> [What the task asks] Would you output the following records verbatim and skip the images in them?

> [Records for this exercise]
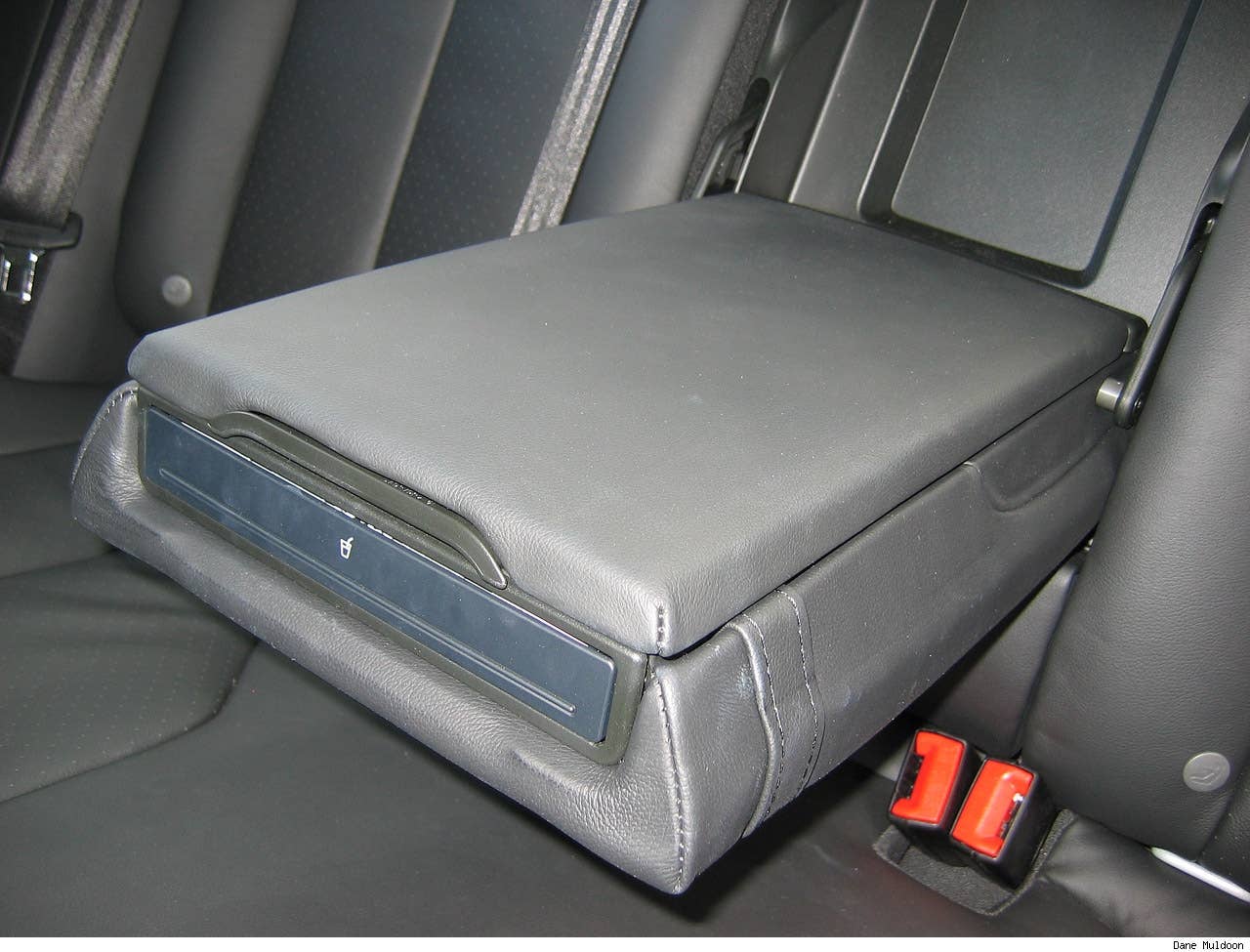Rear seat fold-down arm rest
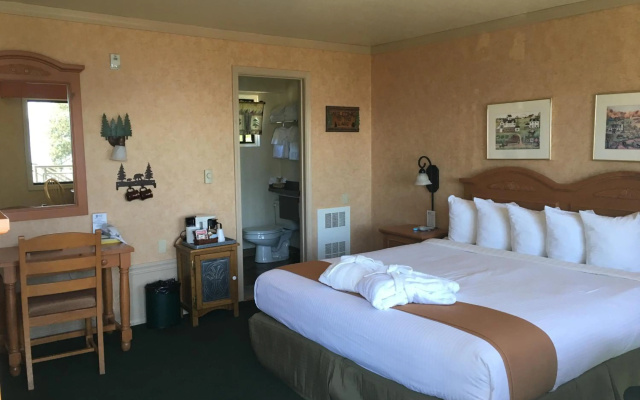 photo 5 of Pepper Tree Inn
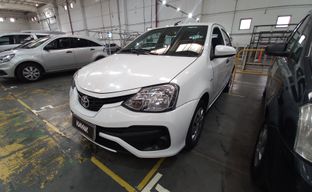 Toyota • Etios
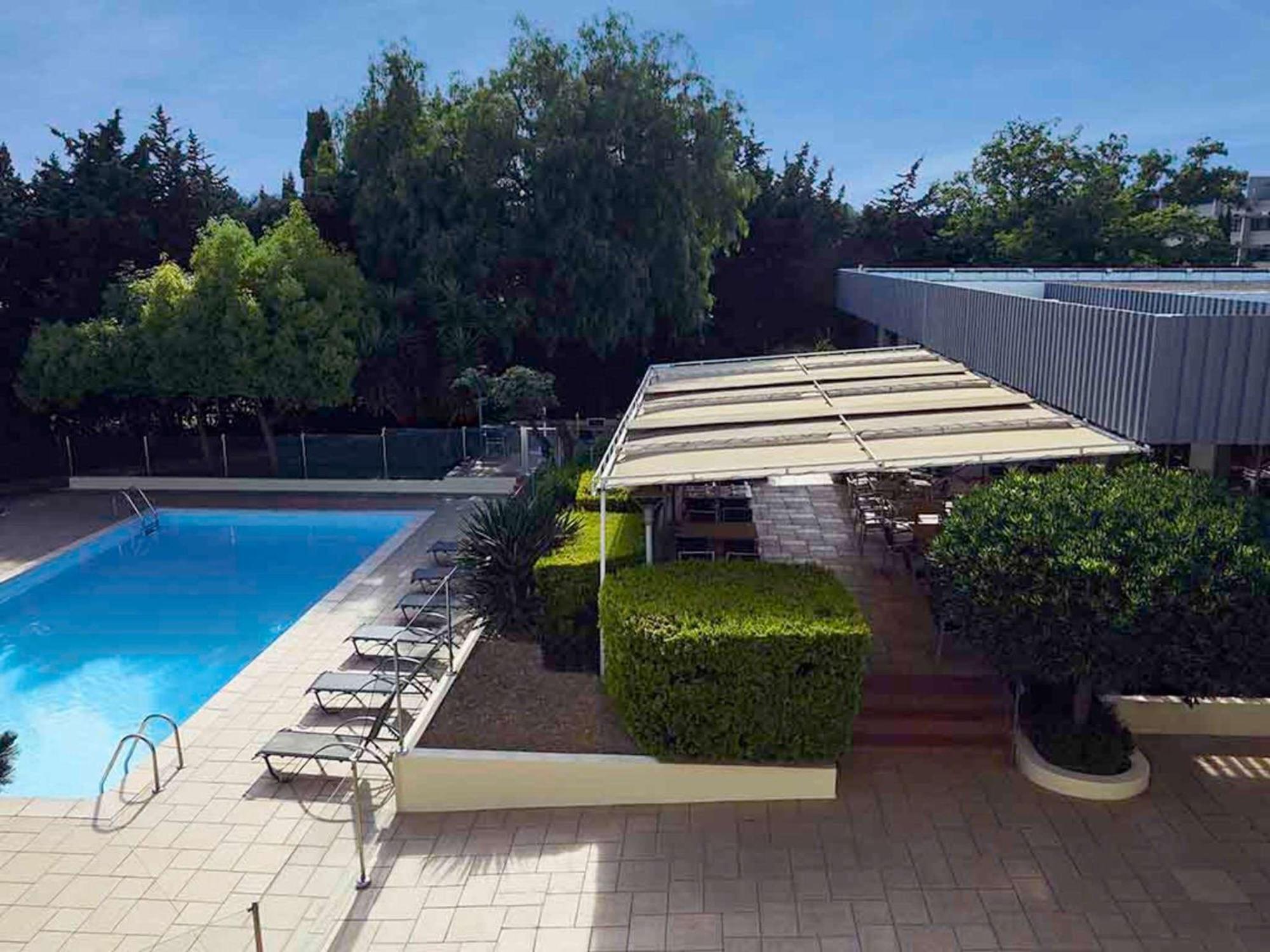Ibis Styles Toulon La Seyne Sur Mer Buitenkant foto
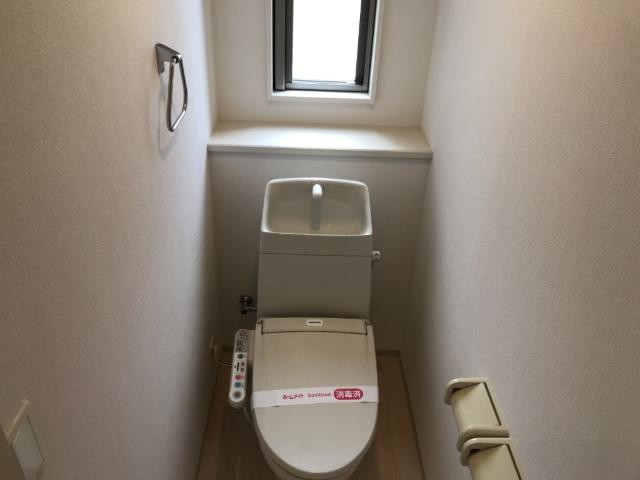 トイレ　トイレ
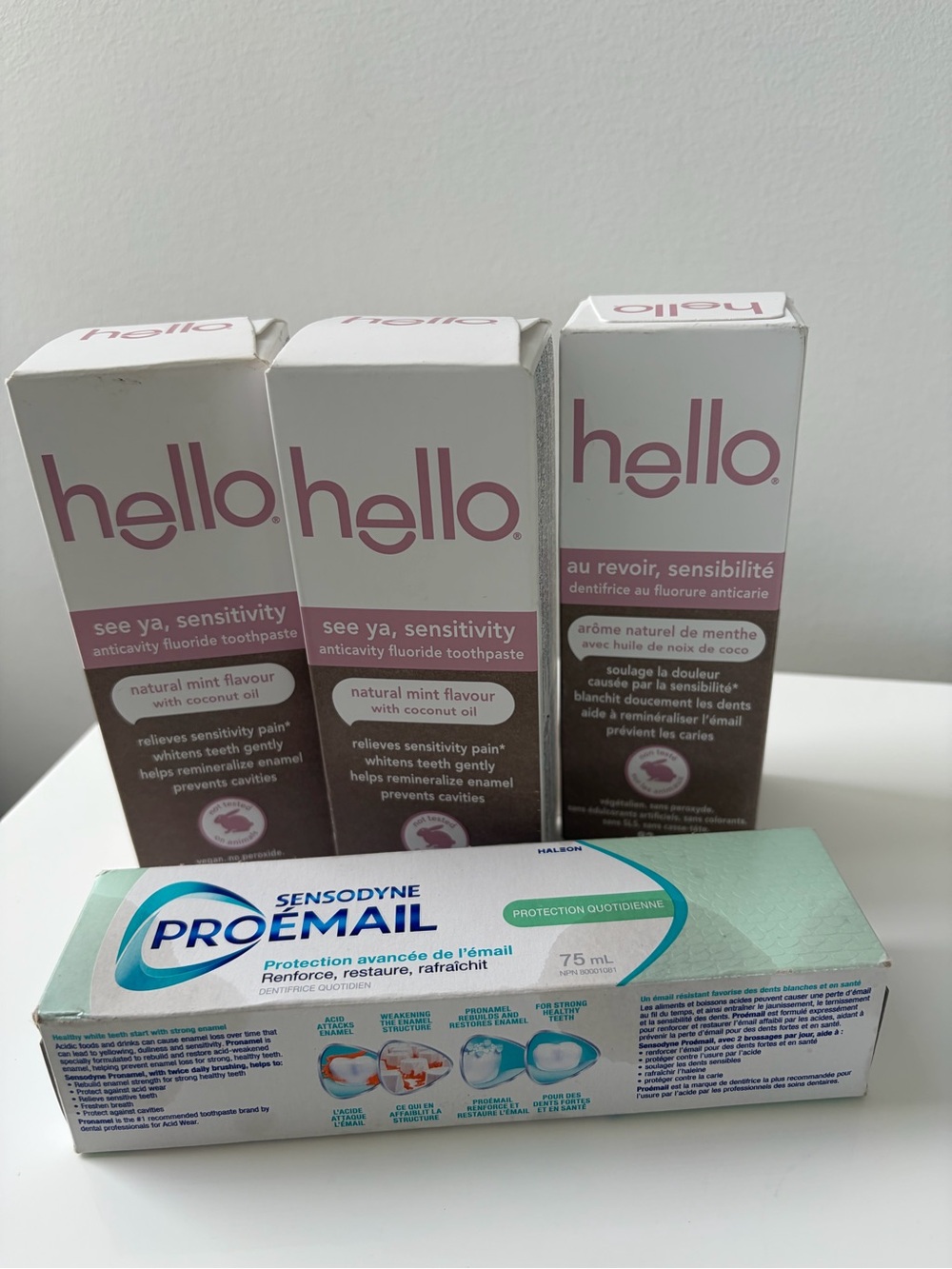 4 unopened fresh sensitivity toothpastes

> [Written response]
Rear seat fold-down arm rest
 photo 5 of Pepper Tree Inn
 Toyota • Etios
Ibis Styles Toulon La Seyne Sur Mer Buitenkant foto
 トイレ　トイレ
 4 unopened fresh sensitivity toothpastes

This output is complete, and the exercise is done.